Progress, and possible minimum design standards for landscaping, signs and even architecture, dominated the Feb. 15 workshop in Ocean View.

The roundtable discussion on Comprehensive Land Use Plan (CLUP) issues attracted the entire town council, the entire Planning and Zoning (P&Z) Commission, town staff and new hire land use planner Kyle Gulbronson.

Gulbronson started out with a recap of town progress vis-à-vis the 2004 CLUP. “You’ve taken care of some things already,” he pointed out, referencing ordinances to reduce density, add wetlands buffers and require landscaped buffers between businesses and residences.

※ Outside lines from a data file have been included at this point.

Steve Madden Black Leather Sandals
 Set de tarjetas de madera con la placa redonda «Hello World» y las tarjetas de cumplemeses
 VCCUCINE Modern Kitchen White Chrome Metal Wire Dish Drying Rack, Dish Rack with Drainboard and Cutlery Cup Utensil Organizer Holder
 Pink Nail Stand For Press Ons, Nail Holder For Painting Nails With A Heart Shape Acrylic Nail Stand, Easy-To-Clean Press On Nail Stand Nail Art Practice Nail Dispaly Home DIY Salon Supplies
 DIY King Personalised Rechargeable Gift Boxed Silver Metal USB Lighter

“Your densities aren’t too far off,” Gulbronson said — other than in the residential-planned community (RPC) overlay.

He said the town’s RPC regulations were “very light,” and the town might want to consider a rewrite, or else just a max cap on density.

Attorney Rob Robinson (standing in for Dennis Schrader) interjected, “You need to decide whether permitting high density is ever a desirable situation.”

Robinson suggested there might be times when the town could use high density as a bargaining chip, to acquire a specific piece of parkland, for instance.

However, town manager Kathy Roth pointed out open space requirements already built into the RPC ordinance.

Gulbronson said the town had already “come out strong” on design standards for the general business (GB) district (eventually, the entire Route 26 corridor will be rezoned GB).

He recommended the town consider carrying those standards over into the residential districts as well. He also suggested the possibility of a historical district, but noted it wouldn’t solve every problem.

“Everyone thinks historical districts keep buildings from being torn down,” Gulbronson said. “They do require people to document and record places that have historical significance, but they can’t stop people from tearing them down.”

Robinson said they had recently prohibited teardowns in Lewes’ historical district, but they were still working through that, and it was complicated.

In addition, many people who were planning to tear down had picked up their permits before the ordinance passed, he said.

The best solution, according to Gulbronson, was to institute minimum design standards, so if a place were to come down, something similar would replace it.

“They don’t tell you what you have to build, but, for example, the pitch of the roof, maybe a porch, landscaping, what kind of lighting,” he explained.

He planned to begin work on a stand-alone document covering the standards.